Oh yes definately blu-tack! My boyfriend sometimes has some stuck under the computer desk so it doesn't get lost, seen them run off with that many times lol, they never try to eat it though. Silly boys :lol:


----------



## KayRatz (Apr 5, 2007)

My rats have chewed a mouse cord, a keyboard cord, headphone cord, speakers cords...


----------



## Stace87 (Jun 24, 2008)

Wireless mice and keyboards


----------



## KayRatz (Apr 5, 2007)

I have a wireless mouse now


----------



## OnlyOno (Apr 4, 2007)

laptop power cord, aquarium light cord, extension cords, speaker cords. i have heard horror stories and seen pics of rats that were electrocuted by chewing on live wires so i am very scared my poor dumb babies will get hurt, and i try very hard to keep cords out of their reach, but it seems that nothing is safe. :'(


----------



## abbycrazed (Mar 7, 2008)

Curtains, bedsheets, posters... They don't seem to like my computer. But then again my camera does an annoying beep whenever anything comes into view so that probably deters them. (annoys the h-e-11 out of me!!!)

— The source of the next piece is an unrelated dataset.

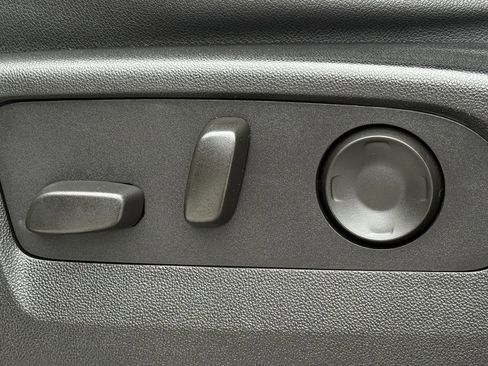 Certified 2023 Chevrolet Suburban Premier image 23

the curtains.... ugh. i swear, the cage was a foot away from the wall. must've been a gust of wind and the rat grabbed the curtain through the cage. 

OOOH. The first rat i got, abby, doesn't chew them, but likes to pull my (clean) unmentionables into her cage whenever I let her out. That's when my parents let me talk them into getting me a dresser xD


----------



## Mana (Apr 22, 2007)

They love cords. That's why we need to be very careful that they never have access to anything that could electrocute them when they chew 

I've lost a mouse, iPod earphones, a set of speakers, and a monitor cord to rattie teeth ^^; Now I keep all the cords of my computer hardware covered in cardboard. That way when they chew, I can hear it and shoo them away XD The earphones were due to my own stupidity though - I set them on top of the cage for a second and then forgot >.< The next morning I looked in the cage and was like "What's all this stringy red and green stuff?" and then I saw the cordless ear buds still on top of the cage because they didn't fit through the hardware cloth :lol:


----------



## Stace87 (Jun 24, 2008)

Mana said:


> The next morning I looked in the cage and was like "What's all this stringy red and green stuff?" and then I saw the cordless ear buds still on top of the cage because they didn't fit through the hardware cloth :lol:


I bet all night they were plotting a way to get them into their cage :lol: "Gotta get those ear buds! Must chew them!!"


----------



## CaptainFlow (May 16, 2007)

Mana said:


> The next morning I looked in the cage and was like "What's all this stringy red and green stuff?" and then I saw the cordless ear buds still on top of the cage because they didn't fit through the hardware cloth :lol:


LOL. Literally.


----------